How to extend an existing JavaScript array with another array, without creating a new array

DzinX picture DzinX · Sep 3, 2009 · Viewed 621.1k times · Source

There doesn't seem to be a way to extend an existing JavaScript array with another array, i.e. to emulate Python's extend method.

I want to achieve the following:

>>> a = [1, 2]
[1, 2]
>>> b = [3, 4, 5]
[3, 4, 5]
>>> SOMETHING HERE
>>> a
[1, 2, 3, 4, 5]

I know there's a a.concat(b) method, but it creates a new array instead of simply extending the first one. I'd like an algorithm that works efficiently when a is significantly larger than b (i.e. one that does not copy a).

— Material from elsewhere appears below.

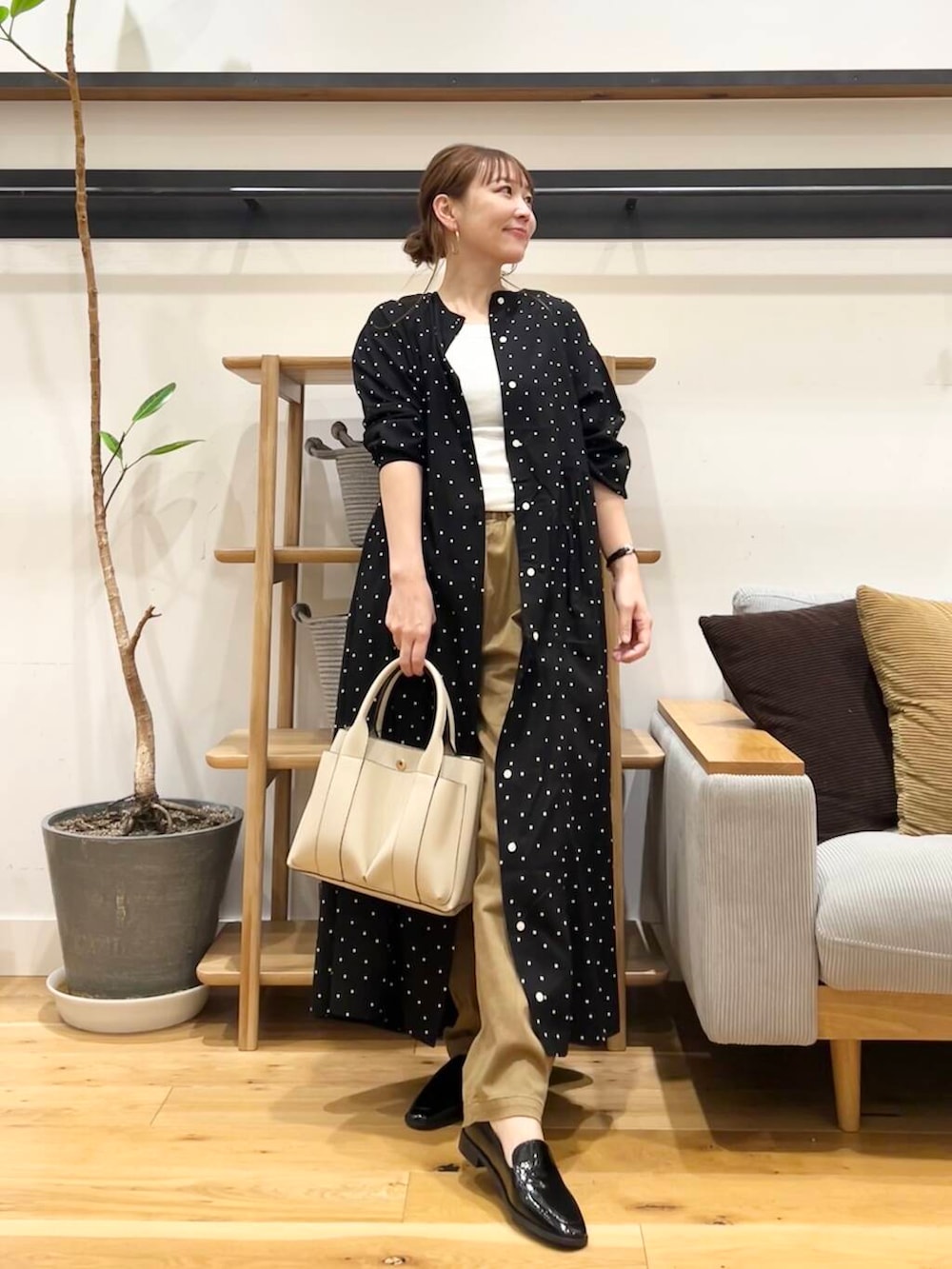 「doors、低身長コーデ、40代、春カラーコーデ、骨格ストレート、イエベ春、ストレート×イエベ春、ストレート×イエベ」｜「RODE SKOのプチダブルポケットトートバッグ（トートバッグ、ホワイト系）」を使った、+++ゆき+++さん（レディース・151cm）の春コーディネートの4枚目の写真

Note: This is not a duplicate of How to append something to an array? -- the goal here is to add the whole contents of one array to the other, and to do it "in place", i.e. without copying all elements of the extended array.

Answer

DzinX picture DzinX · Sep 3, 2009

The .push method can take multiple arguments. You can use the spread operator to pass all the elements of the second array as arguments to .push:

>>> a.push(...b)

If your browser does not support ECMAScript 6, you can use .apply instead:

>>> a.push.apply(a, b)

Or perhaps, if you think it's clearer:

>>> Array.prototype.push.apply(a,b)

Please note that all these solutions will fail with a stack overflow error if array b is too long (trouble starts at about 100,000 elements, depending on the browser).
If you cannot guarantee that b is short enough, you should use a standard loop-based technique described in the other answer.